- **DATA EXTRACT**
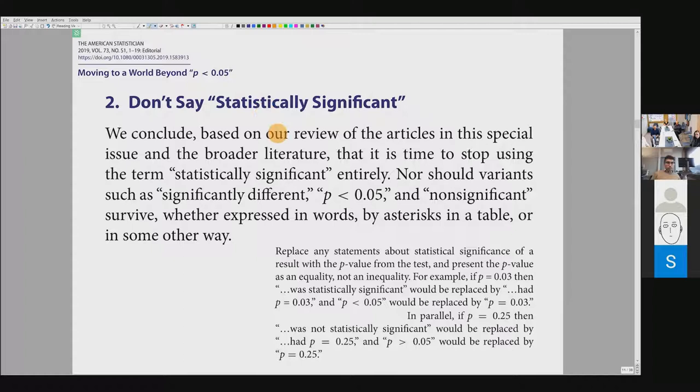In 2019 they go further: it is time to stop using the term 'statistically significant' entirely. No variants such as 'this is significantly different' or 'p < 0.05' and 'non-significant' should survive, whether expressed in words, by asterisks in a table, or in some other way. This comes very close to a ban against using statistical significance, and it is more subtle than just a warning about misuse.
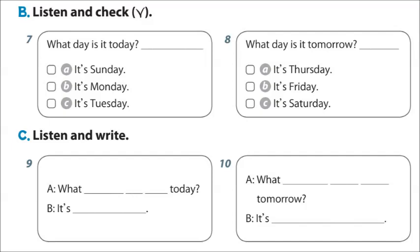8. Is it Wednesday today? No. It's Thursday. What day is it tomorrow? It's Friday. Yes. My birthday is Saturday. Two days to go.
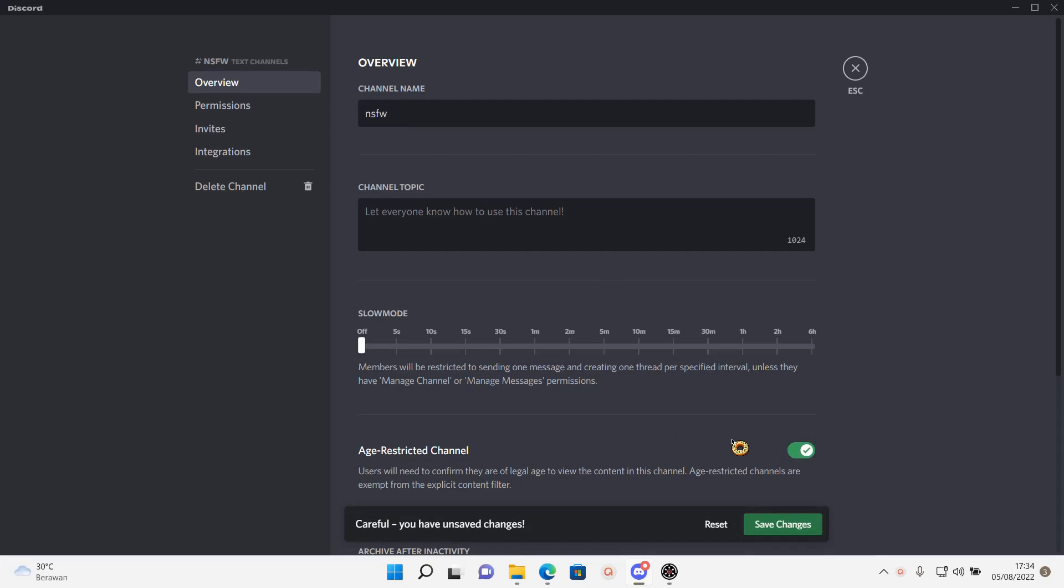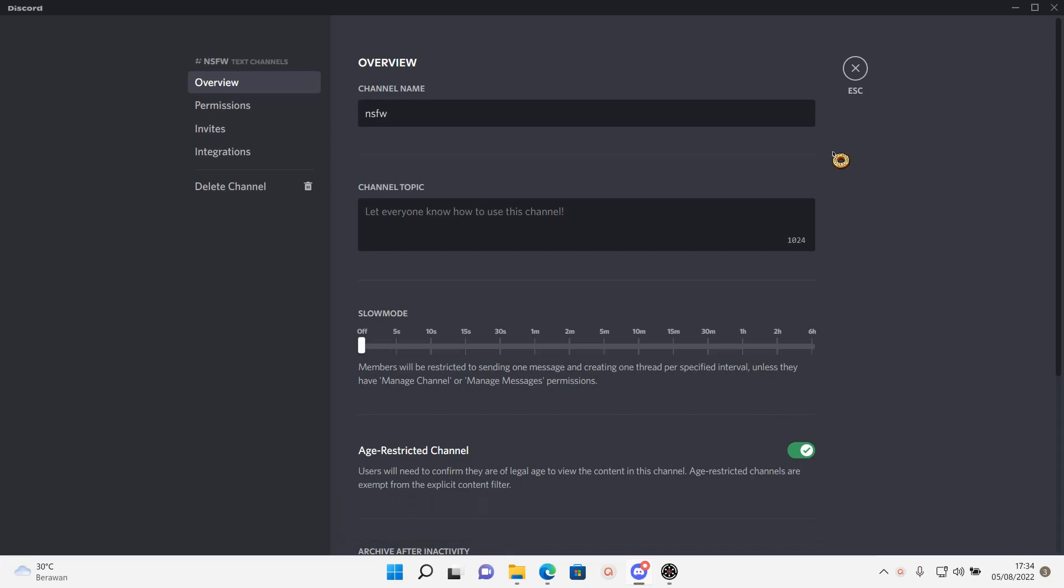to confirm they are of legal age to view the content in this channel. And then press save changes.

- **INSTRUCTIONS TO FOLLOW**
Return the full listing above exactly as written, and omit the pictures.

- **THE ANSWER**
In 2019 they go further: it is time to stop using the term 'statistically significant' entirely. No variants such as 'this is significantly different' or 'p < 0.05' and 'non-significant' should survive, whether expressed in words, by asterisks in a table, or in some other way. This comes very close to a ban against using statistical significance, and it is more subtle than just a warning about misuse.
8. Is it Wednesday today? No. It's Thursday. What day is it tomorrow? It's Friday. Yes. My birthday is Saturday. Two days to go.
to confirm they are of legal age to view the content in this channel. And then press save changes.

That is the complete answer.